日産自動車は、2026年に英国市場の一部の電気自動車(EV)向けに、より手頃な価格の「Vehicle to Grid(V2G)」技術を導入する計画を2024年10月10日に発表しました。 この技術により、日産のEVユーザーは、EVのバッテリーに蓄えられた電力を電力網や家庭に供給できるようになります。
日産は過去10年間で約40件のV2G関連実証実験を世界各地で実施。その経験から「ニッサンエナジー」ブランドのもと、まずは英国、そして欧州の他の市場へV2G技術を展開していく方針です。各地域のインフラや規制要件に応じて、AC(交流電源)とDC(直流電源)のいずれかのシステムを採用しているとのこと。
日産は、英国のノッティンガム大学で1年間の実証プロジェクトを実施し、自動車メーカーとして初めてAC(交流電源)システムによるグリッド認証コード「G99」を取得。同社が提供を予定している双方向システムのうち、英国で認定されたACシステムでは、車載型充電器を採用することで導入コストを抑え、現行の単方向充電器と同等の価格での提供を目指すとしています。

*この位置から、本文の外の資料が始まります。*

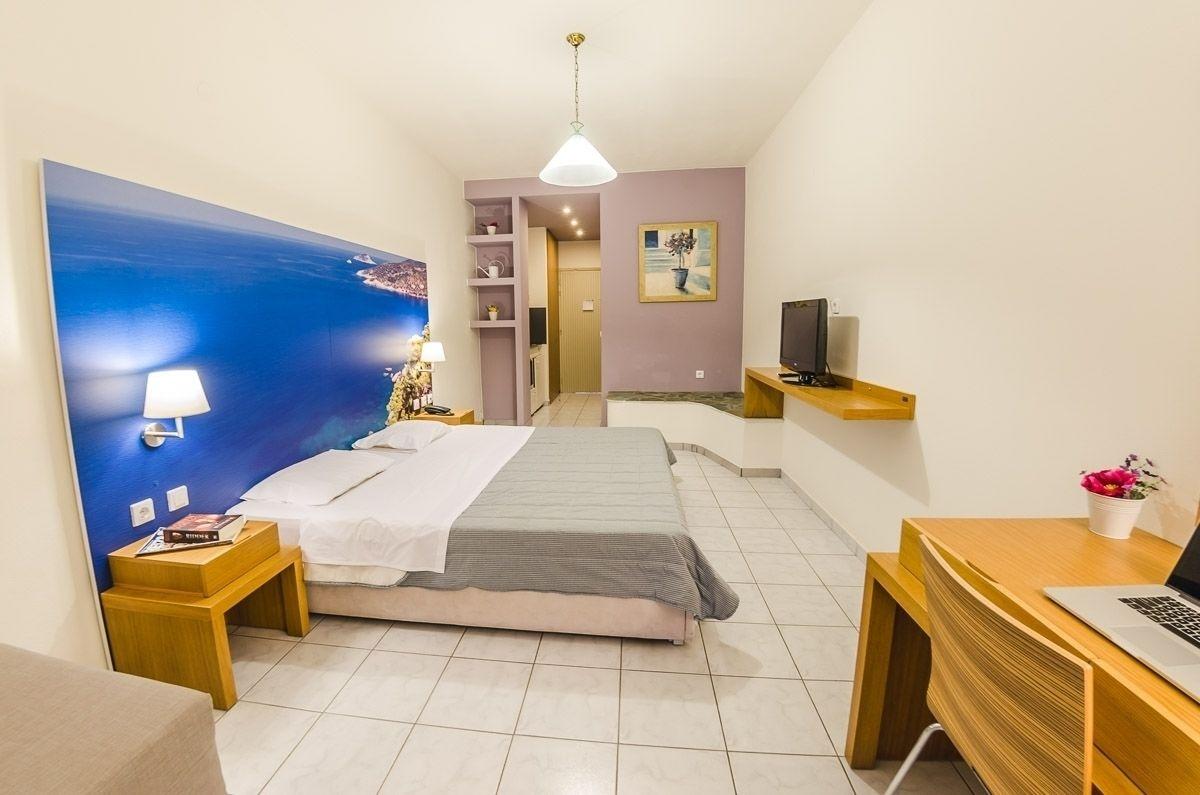 Hotel Nereides Патитири Екстериор снимка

また、専用アプリケーションを活用することで、ユーザーは蓄積した電力を管理できるようになります。
この技術の導入により、EVは移動手段としての役割に加え、電力網の安定化や家庭用電源としての機能も果たすことが期待されており、日産のグローバルエネルギーエコシステム、およびEVプログラムを担当する理事ユーグ・デマルシエリエ氏は、この技術を「車の役割を大きく変えるゲームチェンジャー」と評しています。